As far as implementation goes, the easiest way to do it would probably be from the web server itself (for example, using apache .htaccess files). If you decide to do it from the firewall, you will have to find a way for the firewall to know that someone is requesting the login form and not some other page on the website, assuming that there are other pages besides the login form on this server. Since you are using HTTPS, you'd probably have to terminate SSL at the firewall.
One other benefit of IP restrictions is that it can help mitigate malicious insiders.
Consider a cloud service that hosts business critical data for its clients. Each client has a number of employees with accounts, and the intention is that the employees can only access this critical data from company workstations. In the most basic arrangement, there is no technical control to prevent an employee logging in from their home computer. Adding client-configurable IP restrictions allows the administrator of a particular client to force all their users to login from IP ranges belonging to the organisation - stopping people logging in from home.

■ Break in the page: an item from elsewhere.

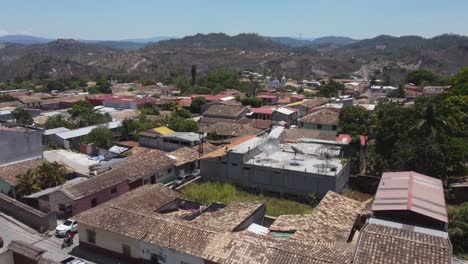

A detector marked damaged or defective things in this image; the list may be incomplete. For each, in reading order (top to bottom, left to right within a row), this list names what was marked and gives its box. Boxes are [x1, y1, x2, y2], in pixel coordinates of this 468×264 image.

There are more advanced techniques, in the fairly new field of "federated identity" - but IP restrictions are a simple and effective way to control this.
That depends on what you are trying to protect yourself against.
If you are just trying to prevent random attackers from browsing your site and attempting to brute-force your login your approach will reduce the visibility of your site and deter some attackers in some scenarios.
But if the attacker knows your setup and a particular vulnerability he and or she might not need to read the server responce and might be able to send crafted packages with spoofed sender IP in order to compromise your service. Without testing I suppose a shellshock attact structured like this would work. I admit this is a rather unlikely scenario and requires an attacker to have a lot of knowledge about the system, the setup and vulnerabilities. But if what you are protecting is valueable you might need to consider it.
It depends on what you mean by "restrict".
- If you mean maintain a blacklist of every "bad" IP out there, then no, it does nothing for you.
- If you mean maintaining a whitelist of the only client IPs that should be allowed to access a network service, then yes, this helps somewhat (but does not represent a genuine security measure by itself).
For some bizarre reason the former is by far the most common form of IP restriction. It follows the exact same fallacy as most "check by profile match" anti-virus software, of trying to enumerate everything bad in the world (the number of "bad" is unknowable; it is generally much easier to enumerate the "good" instead).
Note that a whitelist can be dynamic in nature. This idea makes whitelisting a much more interesting tool than it gets credit for. I expect exactly zero exploration of what this can really mean in the general security market.
Roughly half the sudden, mysterious, perplexing WAN connectivity issues I've dealt with in operations at large data centers originate from the ridiculous application of "blacklisting" -- and yet never have I encountered a situation where blacklisting actually did much good (botnets have pools of tens or hundreds of thousands of available IPs, and they shift every few minutes). Note that this is not quite the same thing as temporarily banning or throttling over a span of hours or minutes. Considering the stateless nature of many protocols that sort of throttling can be viewed more as an attempt at connection throttling (the connection attempts are all a related series of interactions) than an IP, MAC or block blacklist.